● **Your task**:
Could you repeat the listing below exactly while leaving its pictures behind?

● **Input data**:

▼

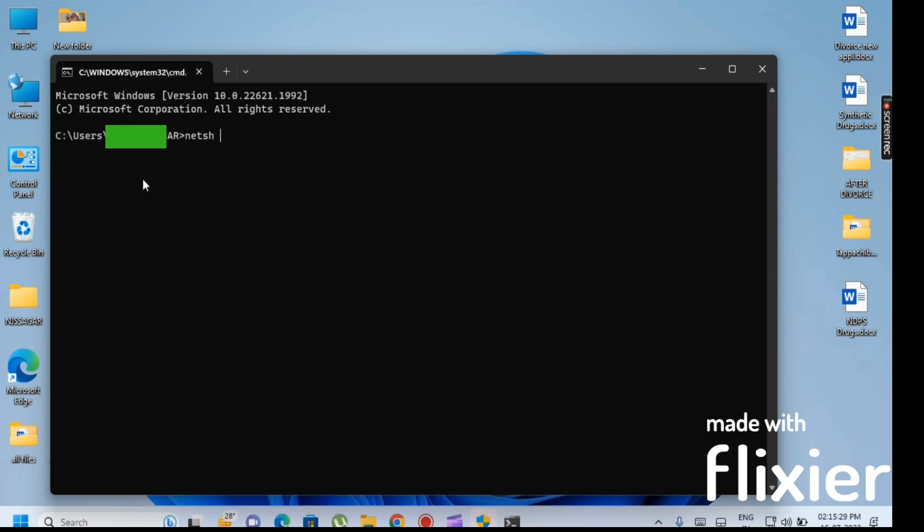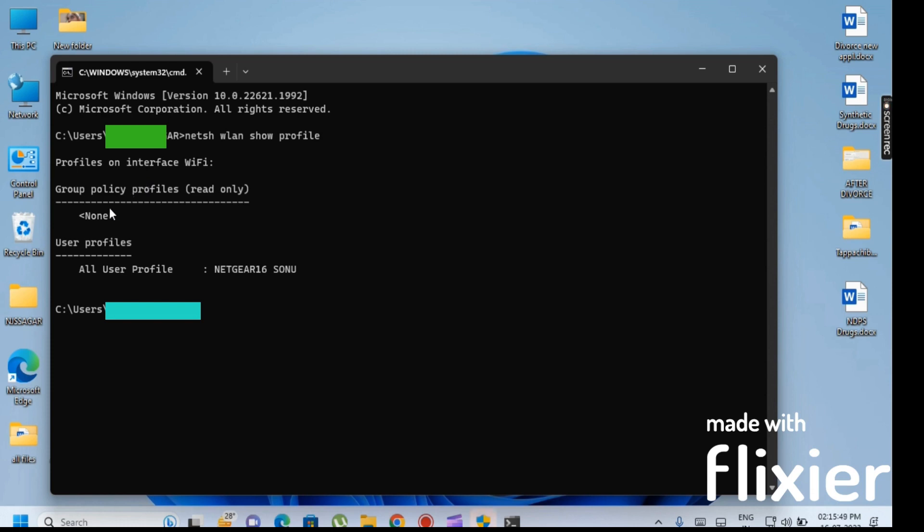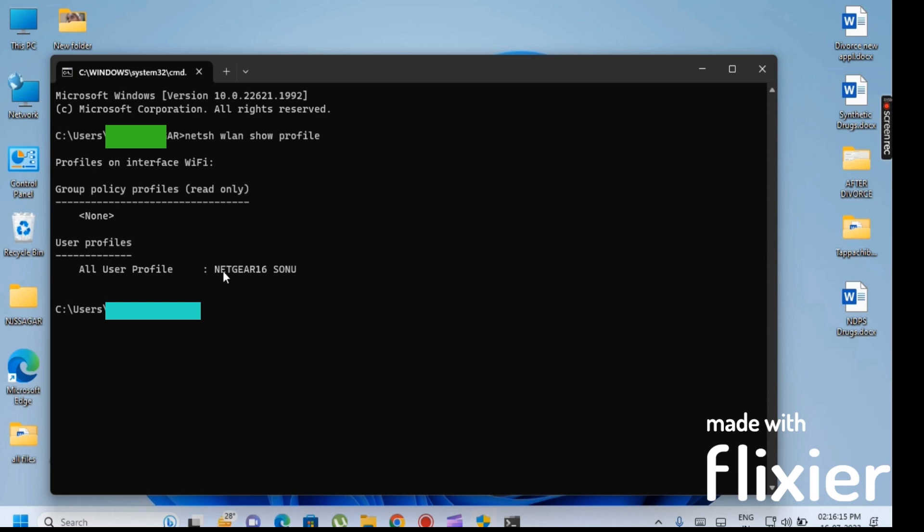In the command box, type CMD. When the page opens you'll see Windows System 32. Here at the username, type: netsh wlan show profile. Then type the network name to show the profile key.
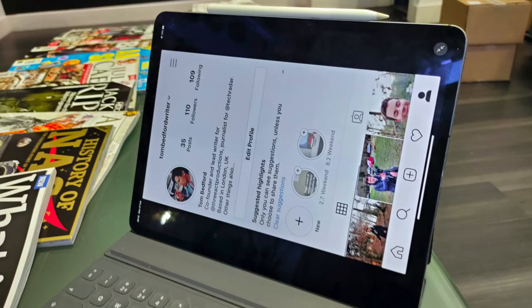You can download Instagram for the iPad, as we all know, but it appears as an iPhone app and it's really small, blurry, and just not optimised for the iPad.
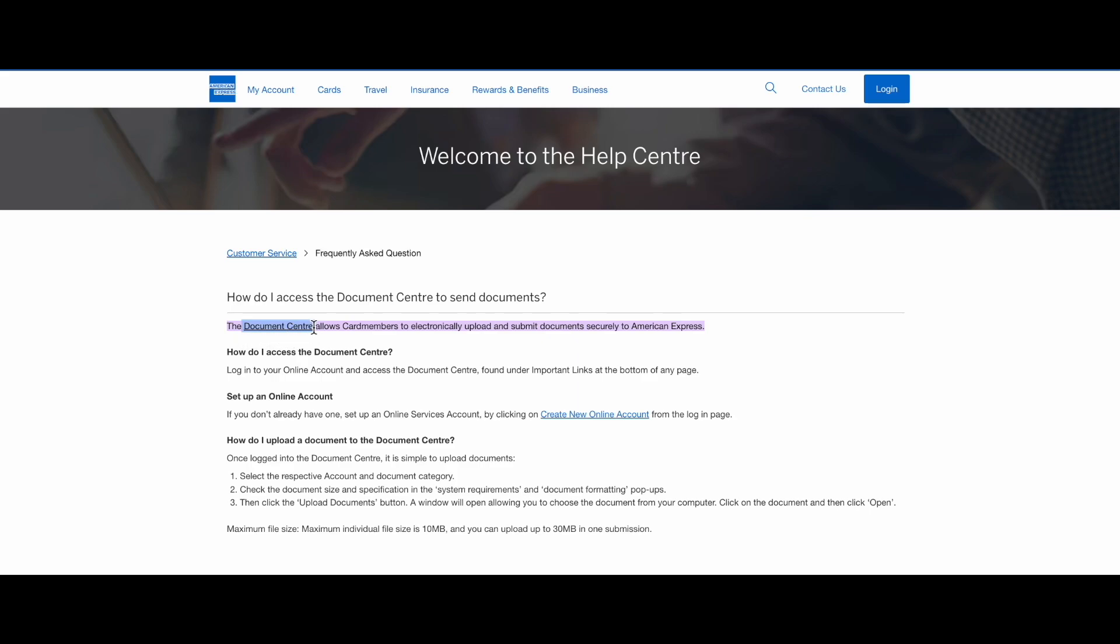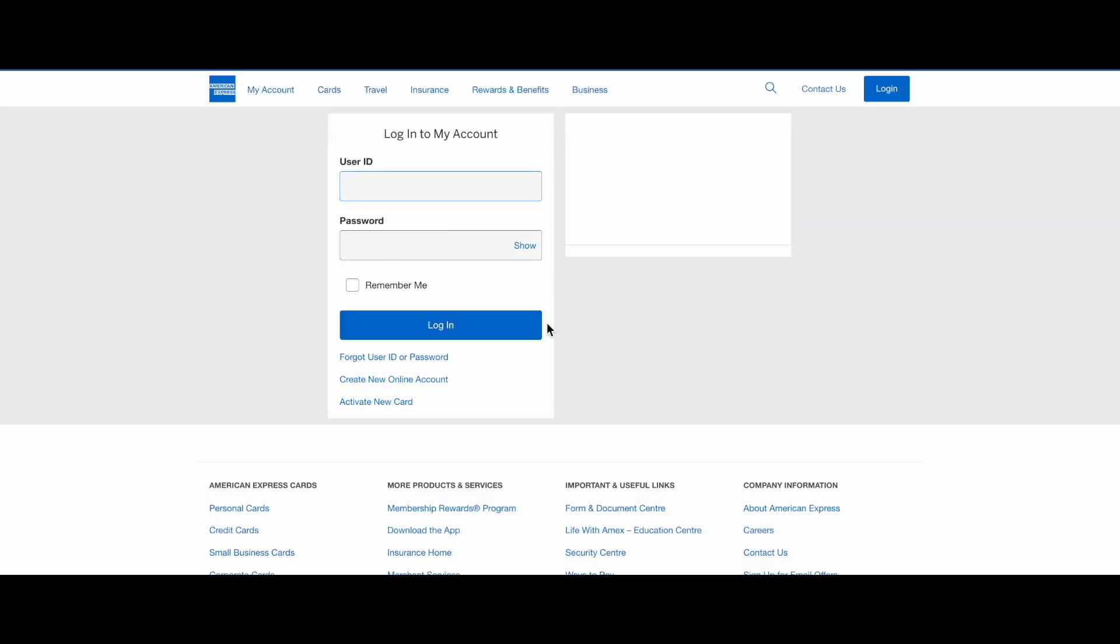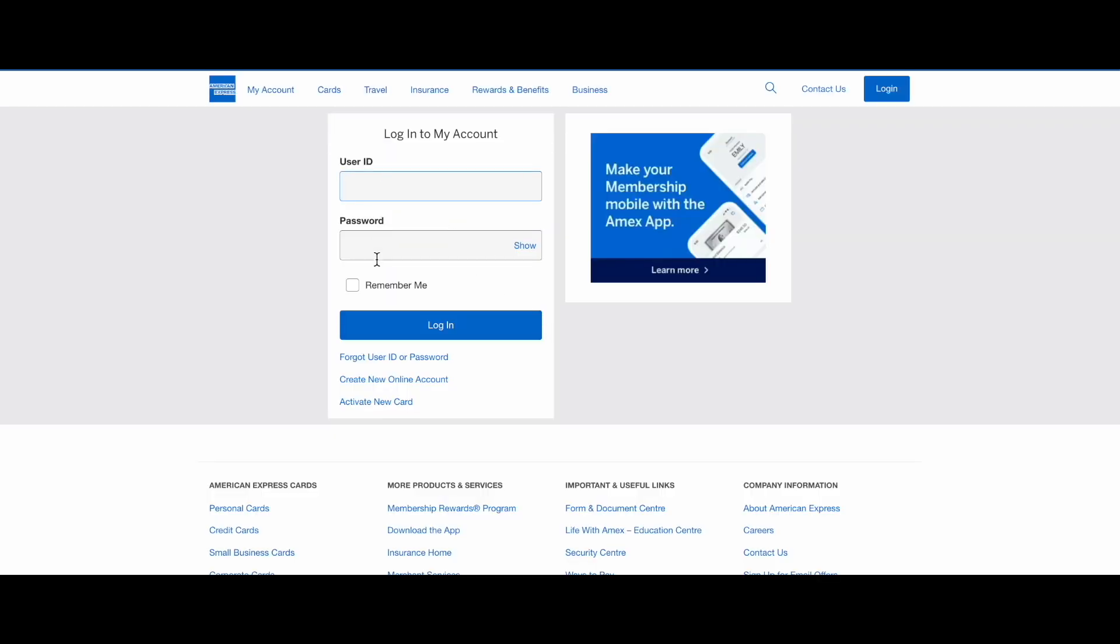The document center allows card members to electronically upload and submit documents securely to American Express. Use this link and then log into your American Express account online.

▲

● **Exercise solution**:
In the command box, type CMD. When the page opens you'll see Windows System 32. Here at the username, type: netsh wlan show profile. Then type the network name to show the profile key.
You can download Instagram for the iPad, as we all know, but it appears as an iPhone app and it's really small, blurry, and just not optimised for the iPad.
The document center allows card members to electronically upload and submit documents securely to American Express. Use this link and then log into your American Express account online.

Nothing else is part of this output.